To train our most powerful model yet, we expand our data pool. In addition to RAVDESS and CREMA-D, we now incorporate the **IEMOCAP** dataset, which contains spontaneous, natural speech from dialogue scenarios. This creates a large and highly diverse dataset of over 11,000 samples, providing a robust testbed for our models.

In [None]:
# ===================================================================
# CELL 2: DATA PREPARATION
# ===================================================================
import os
import random
from sklearn.model_selection import train_test_split
import pickle

# --- Configuration ---
RAVDESS_PATH = "/content/drive/MyDrive/ser_project/ravdess_data/"
CREMA_D_PATH = "/content/drive/MyDrive/ser_project/crema_d_data/AudioWAV/"
IEMOCAP_PATH = "/content/drive/MyDrive/ser_project/iemocap_data/IEMOCAP_full_release/"
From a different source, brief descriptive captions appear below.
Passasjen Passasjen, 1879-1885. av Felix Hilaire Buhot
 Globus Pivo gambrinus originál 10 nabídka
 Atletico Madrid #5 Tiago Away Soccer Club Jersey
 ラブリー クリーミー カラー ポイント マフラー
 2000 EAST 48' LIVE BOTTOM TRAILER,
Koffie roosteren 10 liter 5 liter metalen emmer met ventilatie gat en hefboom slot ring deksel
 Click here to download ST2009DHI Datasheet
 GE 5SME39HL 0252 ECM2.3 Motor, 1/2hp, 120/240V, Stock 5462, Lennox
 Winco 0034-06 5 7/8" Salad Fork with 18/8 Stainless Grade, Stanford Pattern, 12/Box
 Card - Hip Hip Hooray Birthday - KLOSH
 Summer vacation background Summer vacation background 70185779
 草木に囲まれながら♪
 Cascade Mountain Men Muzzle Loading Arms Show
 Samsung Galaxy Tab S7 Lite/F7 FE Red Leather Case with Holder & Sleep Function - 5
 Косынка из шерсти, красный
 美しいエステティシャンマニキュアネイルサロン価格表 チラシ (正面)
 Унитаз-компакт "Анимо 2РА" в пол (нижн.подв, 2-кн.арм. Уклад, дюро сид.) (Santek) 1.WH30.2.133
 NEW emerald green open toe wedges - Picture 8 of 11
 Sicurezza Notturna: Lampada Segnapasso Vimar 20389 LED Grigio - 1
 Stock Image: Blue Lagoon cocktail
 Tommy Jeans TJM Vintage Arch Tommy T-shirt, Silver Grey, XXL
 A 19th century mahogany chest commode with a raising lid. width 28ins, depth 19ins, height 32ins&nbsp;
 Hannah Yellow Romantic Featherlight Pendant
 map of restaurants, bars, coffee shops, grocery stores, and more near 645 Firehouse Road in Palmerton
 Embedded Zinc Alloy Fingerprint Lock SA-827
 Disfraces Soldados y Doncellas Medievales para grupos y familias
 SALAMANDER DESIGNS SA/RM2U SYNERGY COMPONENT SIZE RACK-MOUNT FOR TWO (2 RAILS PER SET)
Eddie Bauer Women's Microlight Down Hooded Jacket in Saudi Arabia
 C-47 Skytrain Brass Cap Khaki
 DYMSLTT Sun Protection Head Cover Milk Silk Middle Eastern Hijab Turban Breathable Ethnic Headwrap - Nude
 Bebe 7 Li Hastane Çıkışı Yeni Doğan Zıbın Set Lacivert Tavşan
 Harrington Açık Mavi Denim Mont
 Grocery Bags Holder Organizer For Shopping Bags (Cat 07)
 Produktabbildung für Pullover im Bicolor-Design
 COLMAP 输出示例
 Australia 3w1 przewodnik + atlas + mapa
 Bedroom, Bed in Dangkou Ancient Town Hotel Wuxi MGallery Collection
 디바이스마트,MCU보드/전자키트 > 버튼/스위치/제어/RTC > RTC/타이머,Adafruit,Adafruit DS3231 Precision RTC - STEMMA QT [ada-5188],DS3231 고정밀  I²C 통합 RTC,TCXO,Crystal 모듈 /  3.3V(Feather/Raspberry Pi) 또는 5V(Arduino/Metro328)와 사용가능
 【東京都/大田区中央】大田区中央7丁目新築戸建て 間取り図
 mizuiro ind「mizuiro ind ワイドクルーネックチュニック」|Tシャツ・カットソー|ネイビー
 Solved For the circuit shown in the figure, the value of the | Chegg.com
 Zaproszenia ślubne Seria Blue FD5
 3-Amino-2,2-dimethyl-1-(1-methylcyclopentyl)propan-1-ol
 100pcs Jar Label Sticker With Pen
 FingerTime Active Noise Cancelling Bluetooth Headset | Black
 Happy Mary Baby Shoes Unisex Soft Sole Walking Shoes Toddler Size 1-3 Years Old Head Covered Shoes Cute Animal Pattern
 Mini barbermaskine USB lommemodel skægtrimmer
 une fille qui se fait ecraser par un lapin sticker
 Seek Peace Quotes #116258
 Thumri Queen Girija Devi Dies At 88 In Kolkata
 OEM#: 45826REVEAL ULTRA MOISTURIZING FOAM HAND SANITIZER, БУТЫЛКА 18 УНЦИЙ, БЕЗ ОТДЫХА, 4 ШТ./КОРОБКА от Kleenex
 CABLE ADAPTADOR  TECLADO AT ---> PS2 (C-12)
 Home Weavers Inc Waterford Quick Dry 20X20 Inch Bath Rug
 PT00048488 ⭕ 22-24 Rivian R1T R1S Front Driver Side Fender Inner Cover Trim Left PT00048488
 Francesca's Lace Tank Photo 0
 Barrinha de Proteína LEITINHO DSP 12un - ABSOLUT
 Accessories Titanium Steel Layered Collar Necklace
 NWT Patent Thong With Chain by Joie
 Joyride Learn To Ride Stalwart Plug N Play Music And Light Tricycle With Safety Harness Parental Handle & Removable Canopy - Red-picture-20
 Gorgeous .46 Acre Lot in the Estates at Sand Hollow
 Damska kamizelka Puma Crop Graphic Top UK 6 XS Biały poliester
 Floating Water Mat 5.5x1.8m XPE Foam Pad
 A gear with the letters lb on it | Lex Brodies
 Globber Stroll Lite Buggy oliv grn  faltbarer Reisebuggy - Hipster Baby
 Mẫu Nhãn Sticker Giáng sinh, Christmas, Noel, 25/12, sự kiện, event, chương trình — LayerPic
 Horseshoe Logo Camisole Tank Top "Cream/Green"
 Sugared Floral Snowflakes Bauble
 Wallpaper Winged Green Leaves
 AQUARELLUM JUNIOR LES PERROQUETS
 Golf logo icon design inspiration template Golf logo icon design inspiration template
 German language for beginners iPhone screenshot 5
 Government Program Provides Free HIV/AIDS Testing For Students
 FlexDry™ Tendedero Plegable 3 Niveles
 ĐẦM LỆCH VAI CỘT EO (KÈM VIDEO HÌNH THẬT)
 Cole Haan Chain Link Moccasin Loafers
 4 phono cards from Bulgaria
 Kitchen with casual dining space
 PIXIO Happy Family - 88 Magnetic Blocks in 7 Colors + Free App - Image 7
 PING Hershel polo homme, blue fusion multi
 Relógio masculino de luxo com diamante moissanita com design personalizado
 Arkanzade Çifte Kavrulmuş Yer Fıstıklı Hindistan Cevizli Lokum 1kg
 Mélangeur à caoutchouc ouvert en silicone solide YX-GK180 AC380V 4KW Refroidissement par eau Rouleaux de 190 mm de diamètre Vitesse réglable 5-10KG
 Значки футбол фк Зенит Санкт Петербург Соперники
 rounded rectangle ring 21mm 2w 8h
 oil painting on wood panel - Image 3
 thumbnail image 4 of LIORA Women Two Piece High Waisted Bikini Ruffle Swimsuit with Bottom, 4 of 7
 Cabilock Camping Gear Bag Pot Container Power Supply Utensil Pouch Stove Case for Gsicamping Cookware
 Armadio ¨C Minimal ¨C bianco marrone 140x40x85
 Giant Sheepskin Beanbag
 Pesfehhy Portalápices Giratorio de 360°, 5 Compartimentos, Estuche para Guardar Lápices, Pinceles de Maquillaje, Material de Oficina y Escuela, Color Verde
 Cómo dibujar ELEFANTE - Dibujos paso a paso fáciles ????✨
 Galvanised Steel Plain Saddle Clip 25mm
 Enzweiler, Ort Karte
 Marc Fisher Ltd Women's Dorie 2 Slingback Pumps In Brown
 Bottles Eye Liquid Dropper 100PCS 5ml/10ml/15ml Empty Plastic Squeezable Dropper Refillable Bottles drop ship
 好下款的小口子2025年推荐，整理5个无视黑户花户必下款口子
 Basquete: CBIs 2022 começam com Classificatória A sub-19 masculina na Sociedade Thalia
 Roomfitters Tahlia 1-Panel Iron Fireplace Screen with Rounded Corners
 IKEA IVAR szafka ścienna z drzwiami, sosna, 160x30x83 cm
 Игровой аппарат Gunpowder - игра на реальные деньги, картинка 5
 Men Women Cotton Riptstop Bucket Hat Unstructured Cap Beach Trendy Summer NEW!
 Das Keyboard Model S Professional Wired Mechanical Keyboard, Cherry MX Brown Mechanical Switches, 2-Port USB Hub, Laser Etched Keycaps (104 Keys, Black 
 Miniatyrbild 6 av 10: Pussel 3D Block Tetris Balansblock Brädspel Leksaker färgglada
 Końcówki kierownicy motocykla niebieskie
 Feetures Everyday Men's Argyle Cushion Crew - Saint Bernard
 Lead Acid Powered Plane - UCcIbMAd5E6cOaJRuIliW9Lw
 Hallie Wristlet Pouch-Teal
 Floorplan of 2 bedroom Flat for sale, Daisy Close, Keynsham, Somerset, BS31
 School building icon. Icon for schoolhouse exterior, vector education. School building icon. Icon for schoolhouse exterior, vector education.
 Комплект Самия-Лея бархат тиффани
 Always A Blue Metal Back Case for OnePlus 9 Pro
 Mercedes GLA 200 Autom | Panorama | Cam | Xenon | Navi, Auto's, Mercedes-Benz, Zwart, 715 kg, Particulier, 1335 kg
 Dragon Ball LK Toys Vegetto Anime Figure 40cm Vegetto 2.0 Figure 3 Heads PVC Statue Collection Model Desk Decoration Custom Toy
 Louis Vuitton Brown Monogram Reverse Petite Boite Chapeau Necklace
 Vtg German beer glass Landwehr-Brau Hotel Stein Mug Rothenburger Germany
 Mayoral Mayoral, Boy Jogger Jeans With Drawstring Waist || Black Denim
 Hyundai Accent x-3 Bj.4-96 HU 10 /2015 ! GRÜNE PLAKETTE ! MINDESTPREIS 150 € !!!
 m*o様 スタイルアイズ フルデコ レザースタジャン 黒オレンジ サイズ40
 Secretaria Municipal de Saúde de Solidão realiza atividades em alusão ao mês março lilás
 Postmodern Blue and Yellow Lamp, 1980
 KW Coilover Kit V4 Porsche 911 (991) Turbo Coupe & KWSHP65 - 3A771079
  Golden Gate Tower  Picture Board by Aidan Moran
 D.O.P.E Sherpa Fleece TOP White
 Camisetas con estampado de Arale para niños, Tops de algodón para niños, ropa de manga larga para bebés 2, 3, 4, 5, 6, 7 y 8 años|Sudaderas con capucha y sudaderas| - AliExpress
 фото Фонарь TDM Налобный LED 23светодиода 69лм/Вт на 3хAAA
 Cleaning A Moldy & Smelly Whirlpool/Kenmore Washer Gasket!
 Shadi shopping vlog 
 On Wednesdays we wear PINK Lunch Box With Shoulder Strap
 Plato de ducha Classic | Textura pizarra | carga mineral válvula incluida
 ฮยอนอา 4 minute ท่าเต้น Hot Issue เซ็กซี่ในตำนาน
# --- Mappings (6 core emotions) ---
unified_emotion_map = { "neutral": 0, "happy": 1, "sad": 2, "angry": 3, "fearful": 4, "disgust": 5 }
ravdess_map = { "01": "neutral", "03": "happy", "04": "sad", "05": "angry", "06": "fearful", "07": "disgust" }
crema_d_map = { "NEU": "neutral", "HAP": "happy", "SAD": "sad", "ANG": "angry", "FEA": "fearful", "DIS": "disgust" }
iemocap_map = { "neu": "neutral", "hap": "happy", "sad": "sad", "ang": "angry", "fea": "fearful", "exc": "happy" } # Map excited to happy

# --- Gather files and labels from all three datasets ---
all_files = []
all_labels_str = []
print("--- GATHERING AND COUNTING FILES ---")

# Process RAVDESS
ravdess_count = 0
for root, dirs, files in os.walk(RAVDESS_PATH):
    for f in files:
        if f.endswith('.wav'):
            try:
                code = f.split("-")[2]
                if code in ravdess_map:
                    all_files.append(os.path.join(root, f))
                    all_labels_str.append(ravdess_map[code])
                    ravdess_count += 1
            except IndexError:
                continue
print(f"Found {ravdess_count} relevant files in RAVDESS.")

# Process CREMA-D
crema_d_count = 0
if os.path.exists(CREMA_D_PATH):
    for f in os.listdir(CREMA_D_PATH):
        if f.endswith('.wav'):
            try:
                code = f.split("_")[2]
                if code in crema_d_map:
                    all_files.append(os.path.join(CREMA_D_PATH, f))
                    all_labels_str.append(crema_d_map[code])
                    crema_d_count += 1
            except IndexError:
                continue
print(f"Found {crema_d_count} relevant files in CREMA-D.")

# Process IEMOCAP
iemocap_count = 0
if os.path.exists(IEMOCAP_PATH):
    for session_folder in os.listdir(IEMOCAP_PATH):
        if session_folder.startswith("Session"):
            emo_path = os.path.join(IEMOCAP_PATH, session_folder, "dialog/EmoEvaluation/")
            wav_root = os.path.join(IEMOCAP_PATH, session_folder, "sentences/wav/")
            if os.path.isdir(emo_path) and os.path.isdir(wav_root):
                for txt_file in os.listdir(emo_path):
                    if txt_file.endswith('.txt'):
                        with open(os.path.join(emo_path, txt_file)) as f_ann:
                            for line in f_ann:
                                if line.startswith('['):
                                    parts = line.strip().split('\t')
                                    if len(parts) >= 3 and parts[2] in iemocap_map:
                                        wav_folder = parts[1].rsplit('_', 1)[0]
                                        wav_file = os.path.join(wav_root, wav_folder, f"{parts[1]}.wav")
                                        if os.path.exists(wav_file):
                                            all_files.append(wav_file)
                                            all_labels_str.append(iemocap_map[parts[2]])
                                            iemocap_count += 1
print(f"Found {iemocap_count} relevant files in IEMOCAP.")
print(f"\nTotal files found across all datasets: {len(all_files)}")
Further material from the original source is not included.